The world is facing an epidemic of multidrug-resistant typhoid. This is the conclusion of the largest study to date of the genomes of the bacteria that causes the disease, Salmonella enterica Typhi. According to researchers, a clone of the bacterium that is often multiresistant, called H58, rolls across Asia and Africa. Its spread is likely to increase the cost of treatment and lead to more complications, they warn.
"There is a sense of urgency now," said Gordon Dougan, a geneticist at the Wellcome Trust Sanger Institute in Hinxton, UK, and an author of the paper.
typhoid spread by contaminated water or food, causing fever, headaches and other symptoms.

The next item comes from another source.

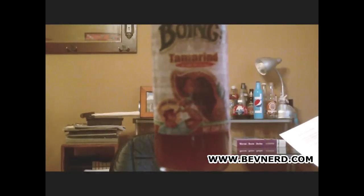Anyways, let's get on with the Boing, shall we? We are with Boing Tamarind Drink.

If untreated, the disease can lead to complications such as gastrointestinal perforation and kill up to 20% of patients. estimates range from 10 million to 30 million cases per year. About 0,000 people die. S. enterica Typhi that are resistant to multiple antibiotics appeared in the 1970s but H58 was of particular concern to scientists because it is cropping up in more and more countries.
for an overview of its spread, the scientists analyzed the genomes of 1,832 samples from 21 countries Asia, Africa and Oceania. The clone probably emerged in South Asia around 1985 and then picked up the resistance genes in subsequent years, before spreading to Southeast Asia and Africa, Dougan said.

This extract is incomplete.